→ **Requirement**
Transcribe all of the data verbatim, please, and leave out its pictures.

→ **Extracted data**
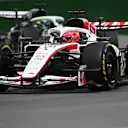 MONTREAL, QUEBEC - MAY 23: Esteban Ocon of France driving the (31) Haas F1 VF-26 Ferrari on track during the Sprint ahead of the F1 Grand Prix of Canada at Circuit Gilles-Villeneuve on May 23, 2026 in Montreal, Quebec. (Photo by Rudy Carezzevoli/Getty Images)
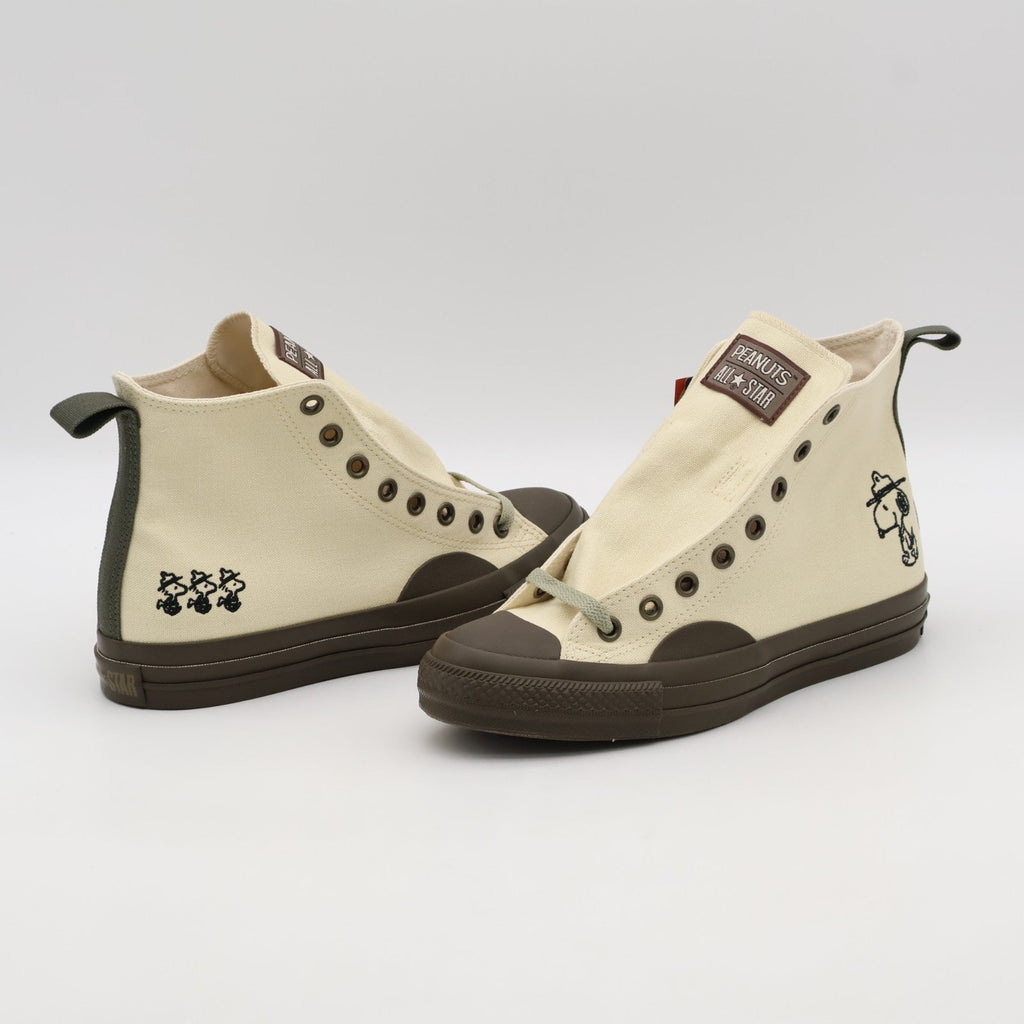 31310740 Peanuts Converse All Star BS HI Off White Taupe (Men's)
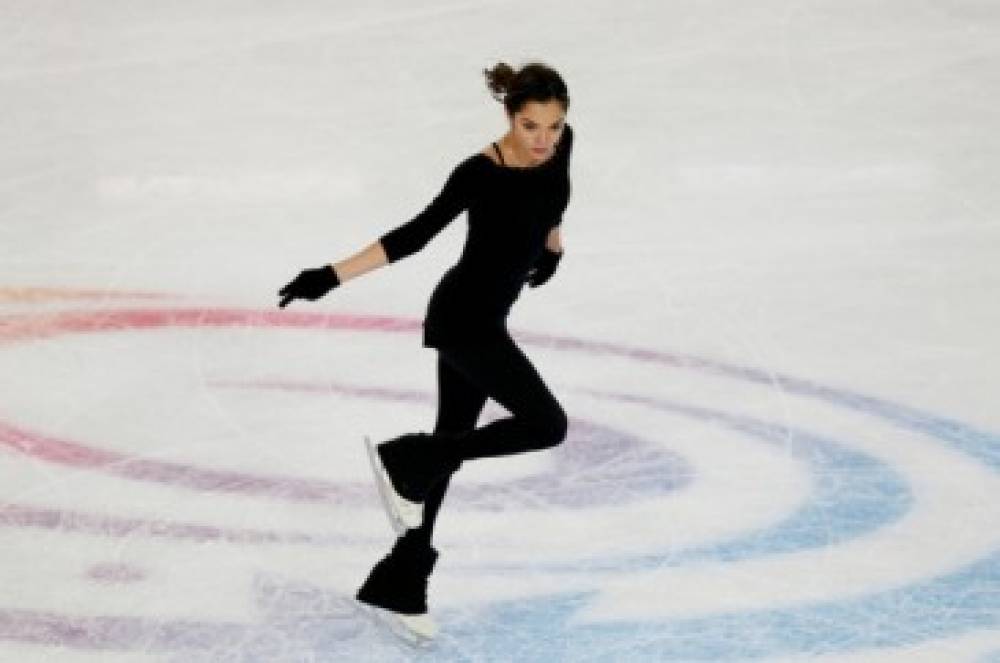 Գեղասահորդուհի Եվգենյա Մեդվեդևան երրորդ տեղն է զբաղեցրել Ֆրանսիայի Գրան պրիում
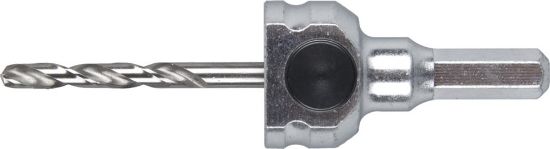 Afbeeldingen van ROTEC Quick-Change houder zeskant 11 met HSS centreerboor gatzagen 527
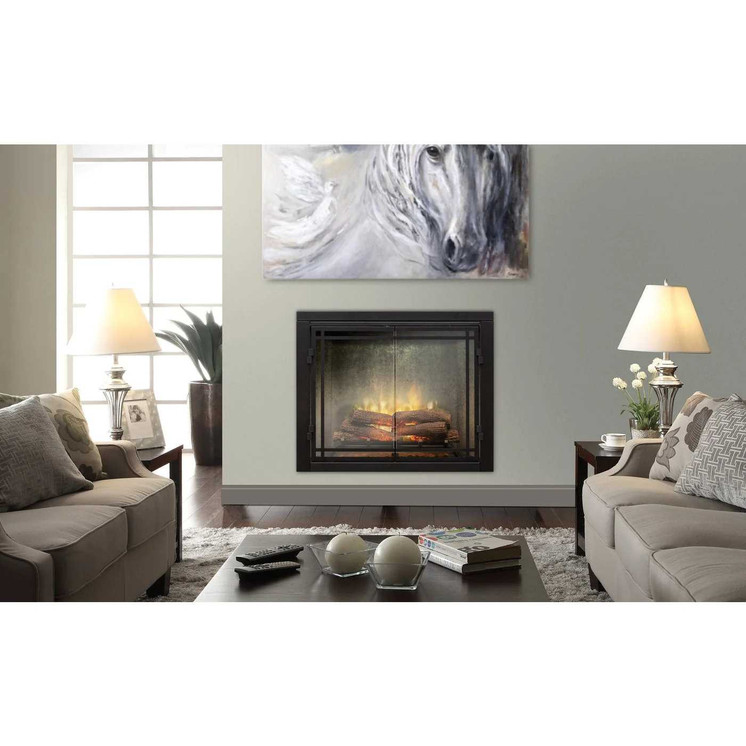 Dimplex 42" Revillusion Built-In Electric Firebox Weathered Concrete 500002411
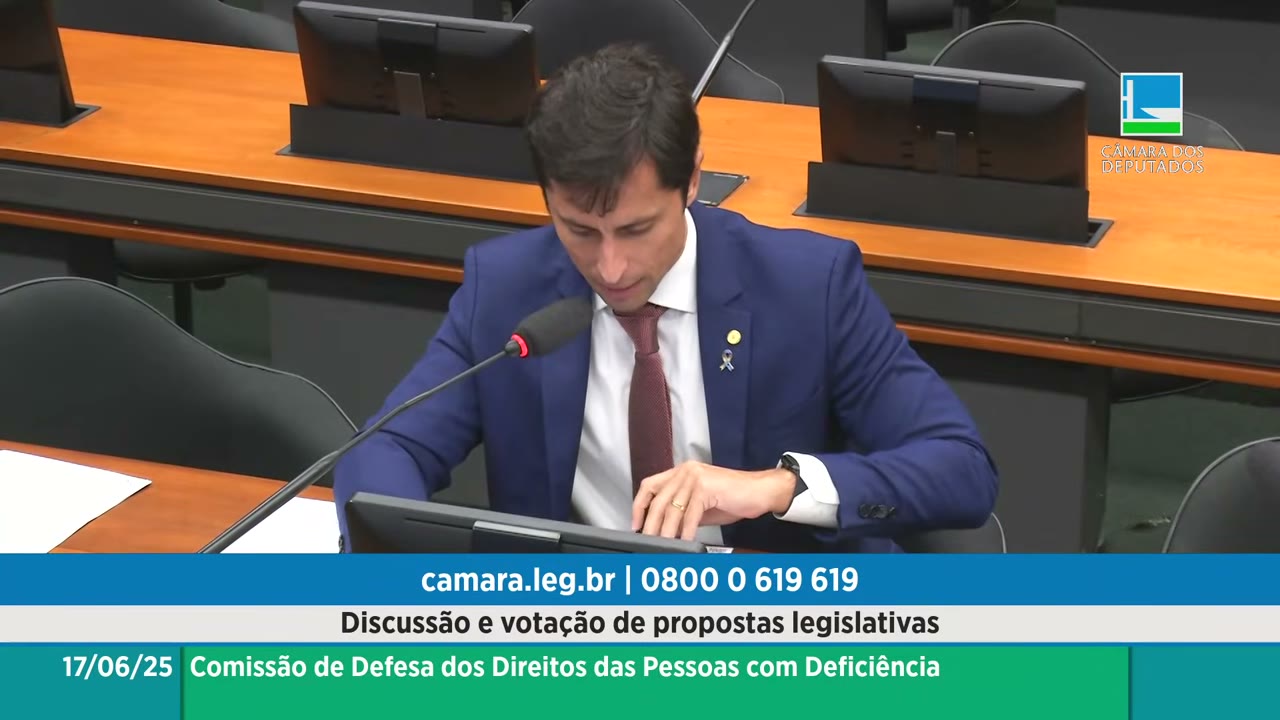 Vídeo do evento em 51:17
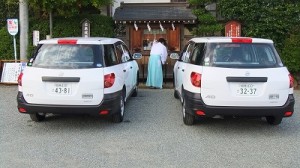 車両の清祓式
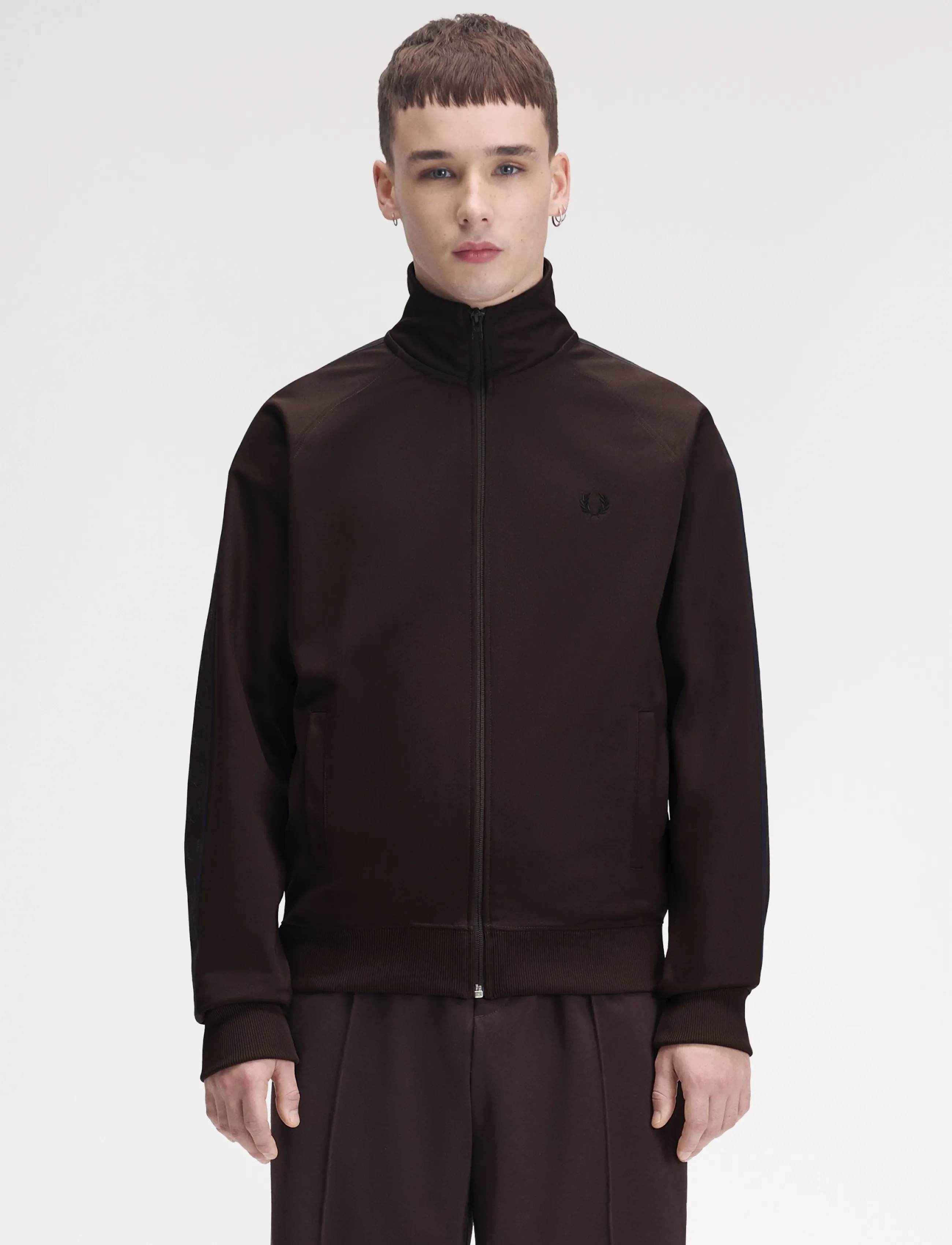Contrast Tape Track Jkt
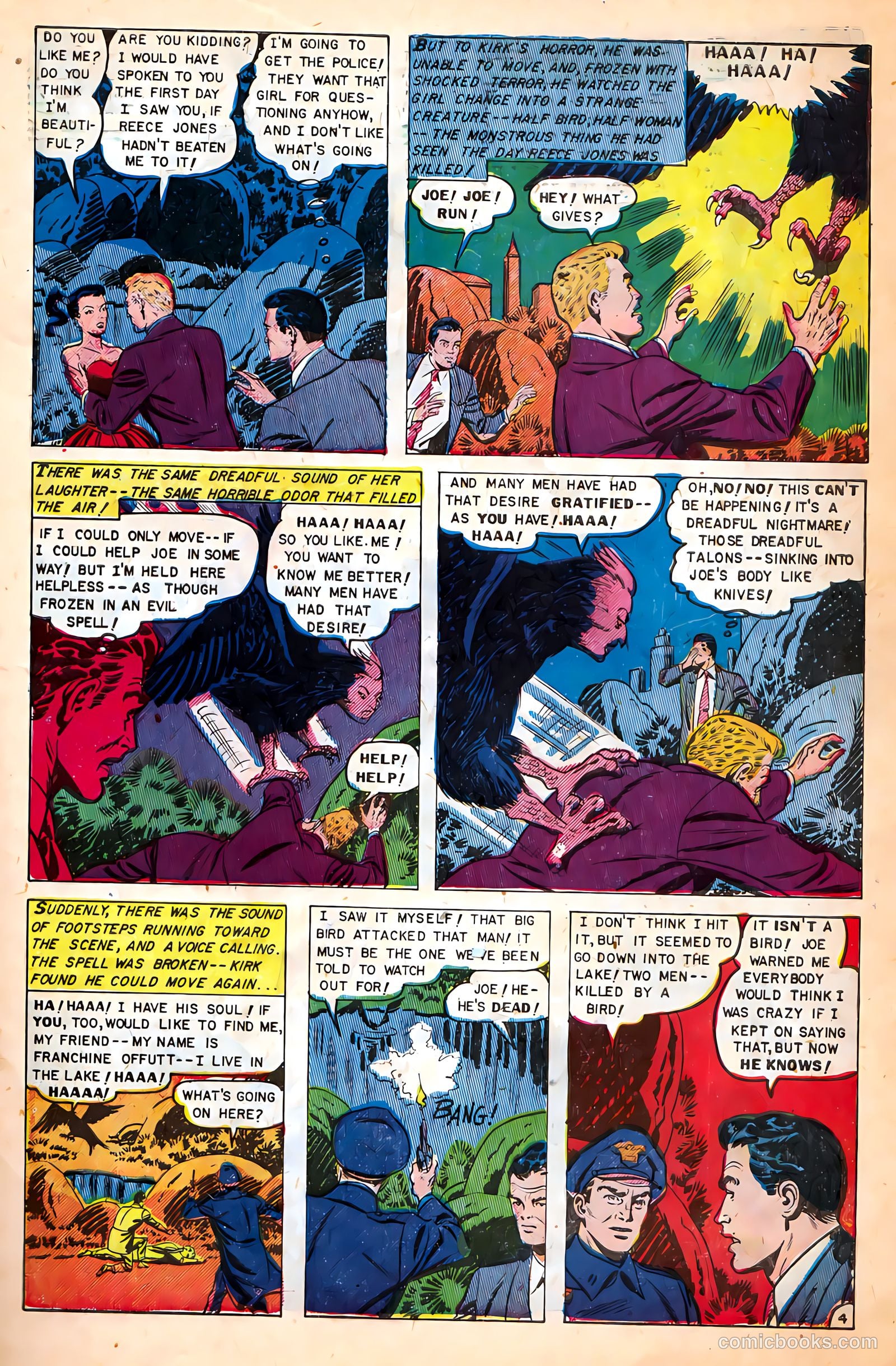 The Beyond #15 — page 31 of 36
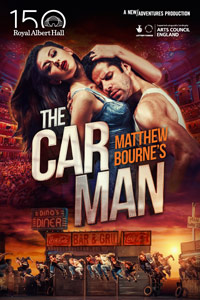 The Car Man Rectangle Poster Image
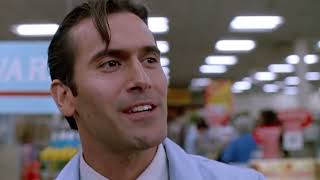 Shop Smart, Shop S Mart 😁 - Army of Darkness, funny scene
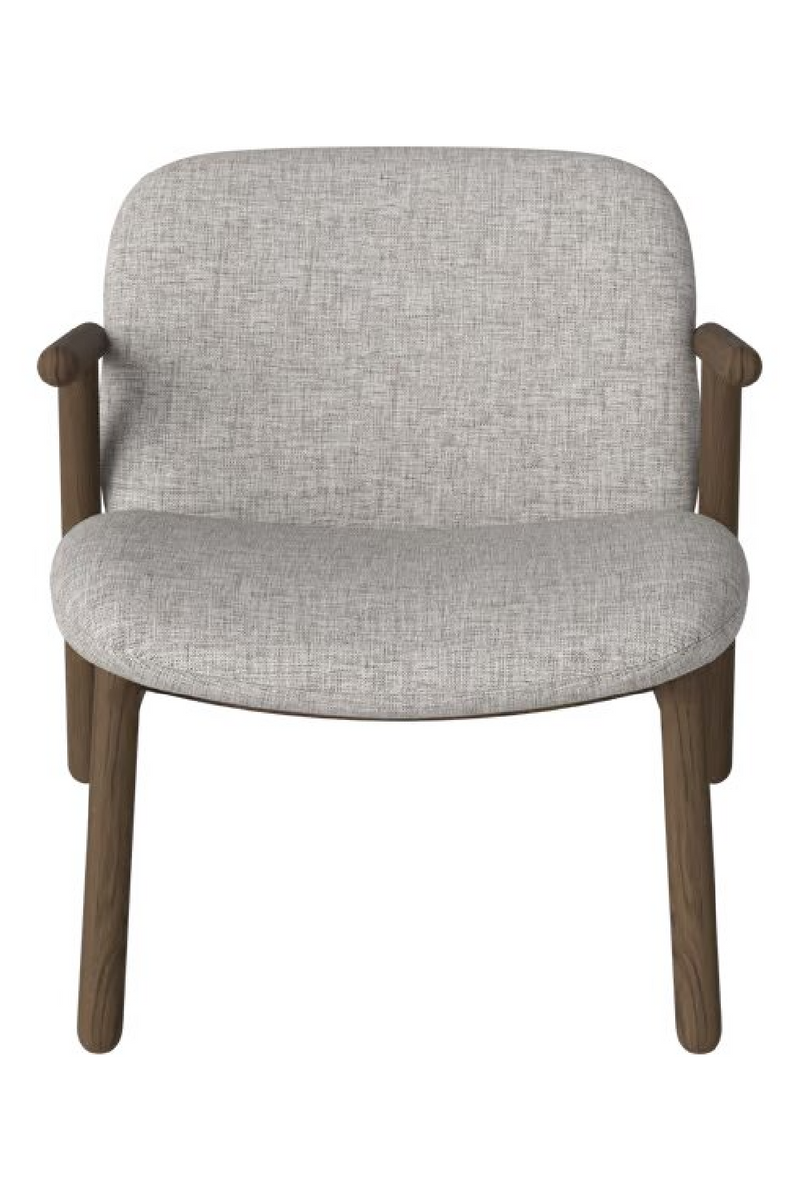 Oiled Oak Low-Back Armchair | Bolia Cosh | Oroatrade.com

→ **Answer**
 MONTREAL, QUEBEC - MAY 23: Esteban Ocon of France driving the (31) Haas F1 VF-26 Ferrari on track during the Sprint ahead of the F1 Grand Prix of Canada at Circuit Gilles-Villeneuve on May 23, 2026 in Montreal, Quebec. (Photo by Rudy Carezzevoli/Getty Images)
 31310740 Peanuts Converse All Star BS HI Off White Taupe (Men's)
 Գեղասահորդուհի Եվգենյա Մեդվեդևան երրորդ տեղն է զբաղեցրել Ֆրանսիայի Գրան պրիում
 Afbeeldingen van ROTEC Quick-Change houder zeskant 11 met HSS centreerboor gatzagen 527
 Dimplex 42" Revillusion Built-In Electric Firebox Weathered Concrete 500002411
 Vídeo do evento em 51:17
 車両の清祓式
Contrast Tape Track Jkt
 The Beyond #15 — page 31 of 36
 The Car Man Rectangle Poster Image
 Shop Smart, Shop S Mart 😁 - Army of Darkness, funny scene
 Oiled Oak Low-Back Armchair | Bolia Cosh | Oroatrade.com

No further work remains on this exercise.